Siendo el o la sinvergüenza alguien a quien la opinión ajena no importa; solo le importan sus intereses más aprovechados y utilitarios. Su yo más mezquino es el centro de su mundo. Como la culpa, la vergüenza es un sentimiento vinculado a lo social, a la opinión que otros tienen de nosotros. Aquel que carece de ella se antepone al colectivo, por lo que es, también, adalid del egoísmo, otro de los rasgos culturales dominantes de nuestro tiempo. En los últimos veintimuchos años la cortesía y ciertos ritos básicos creados para establecer comunicación con otros seres humanos han sido defenestrados en pos del discurso más directo y grosero.

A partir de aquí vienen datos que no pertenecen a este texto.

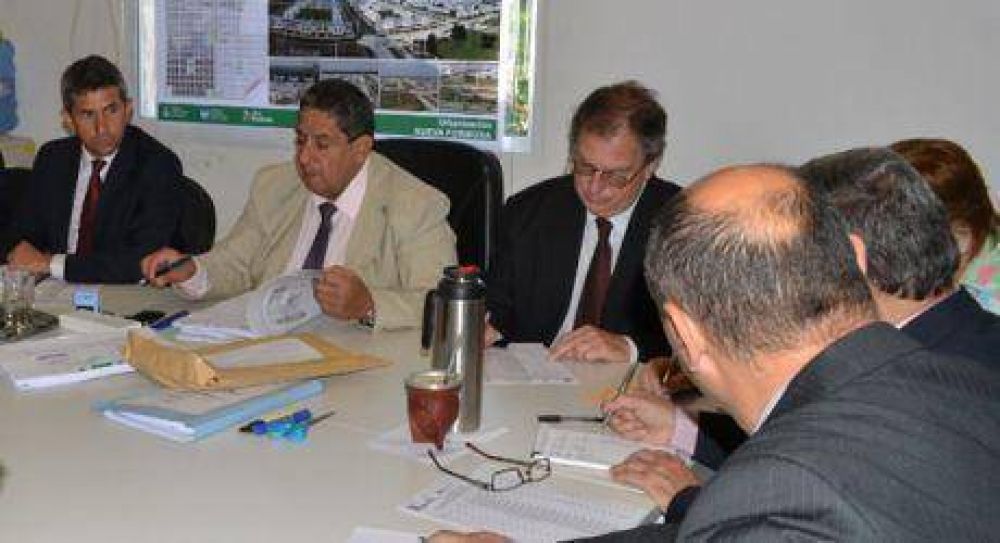 Miles de obreros trabajar�n en construcci�n de viviendas del IPV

Y esto es algo que se manifiesta en numerosísimos sectores o ámbitos de la existencia, no solo en el mundo de la llamada telebasura.

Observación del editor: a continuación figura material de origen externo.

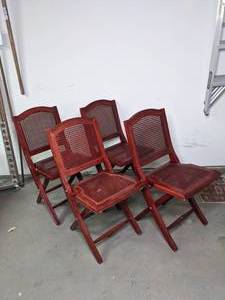lot 212 image: 4 Folding Wood and Wicker Chairs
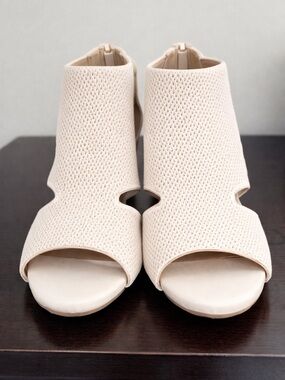 Breezy Knit Open-Toe Mules in Cream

Este excedente de objetividad es un fenómeno nuevo en la historia del mundo, contra el que el ciudadano medio combate inconscientemente

Vivimos inmersos en una cultura pornográfica, en un exceso de explicitud.  De esto tenemos señales inequívocas en nuestra historia cultural reciente. Desde los setenta, la propia pornografía hardcore (que muestra el núcleo duro o «corazón» del asunto) ha sido liberada de restricciones legales e integrada en nuestras vidas cotidianas. Uno puede ver sexo heterosexual, homosexual o zoofílico, con solo darle a un botón. Por otra parte, el porno mismo ha pasado del formato de una película con trama, técnicos cinematográficos y una atmósfera concreta, al actual estilo gonzo (nombre tomado del género periodístico fundado por Hunter S. Thompson) en el que hay una o varias actrices y una cámara en manos del propio actor participante. Todo se realiza directo al grano. Dicho esto, cuando me refiero a una cultura pornográfica no me refiero sin más a una cultura en la que la pornografía está muy presente (lo cual también es cierto), sino a que todos los productos culturales (en amplio sentido) que consumimos son en sí mismos pornográficos; excesivamente manifiestos, expresos.

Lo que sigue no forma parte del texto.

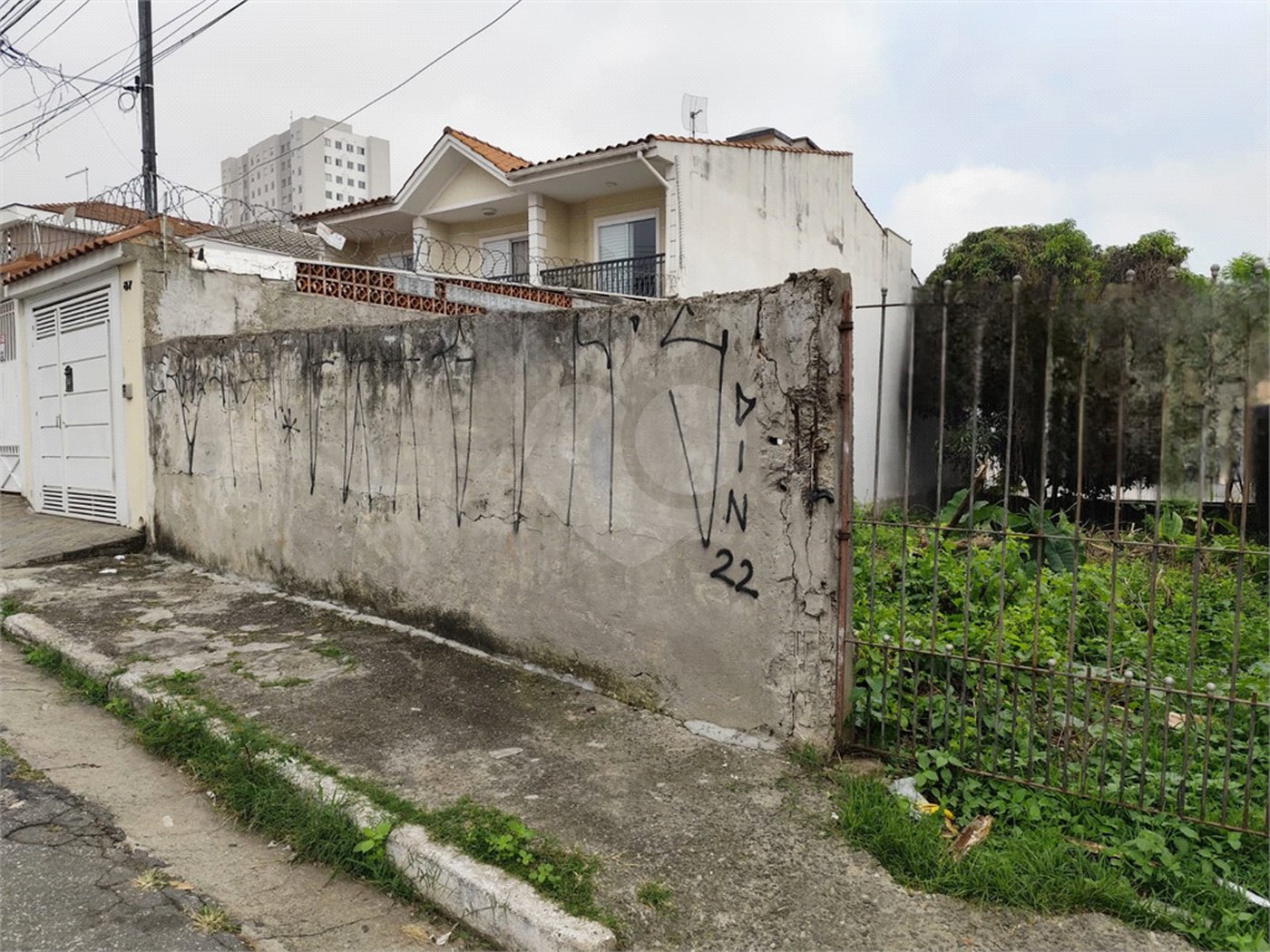 Terreno à venda com 1 suíte em Vila Constança, São Paulo, SP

Hoy impera un superávit de inmediatez y visibilidad; todo resulta claramente directo y desnudo. Dicho excedente de objetividad es un fenómeno nuevo en la historia del mundo, contra el que el ciudadano medio combate inconscientemente. Este hiperrealismo y nitidez dejan poco espacio para la subjetividad, la sublimación y la imaginación, que buscan nuevas formas de expresión. Todo ello es la culminación del weberiano «desencantamiento del mundo». Con el desarrollo de la ciencia y las tecnologías pasamos de vivir en una realidad mítica, dominada por héroes, monstruos, ángeles y demonios, a una existencia utilitaria explicada en términos puramente racionales. Y la desvergüenza de muchas figuras públicas, de muchos de nosotros, no es sino una manifestación más de este proceso colectivo que culmina en una victoria demoledora de la transparencia. No cabe duda que vivimos en sociedades y en base a comunicaciones y relaciones mucho menos filtradas que antaño. Y un epifenómeno necesario de tal simiente es la desfachatez.

No obstante, hemos de decir que la cultura de la desfachatez ha amainado parcialmente a modo de reacción cultural, puesto que los peores años de la sinvergonzonería generalizada (también de la generalizada estulticia) fueron, posiblemente, la primera década de los años 2000, cuando estos nuevos formatos pasaron a dominar la televisión y el entretenimiento general sin freno alguno. Hoy, los tiempos parecen señalar cierta reacción contraria a este fenómeno que tan claramente se impuso en las conductas y consumos de los círculos más amplios de la sociedad.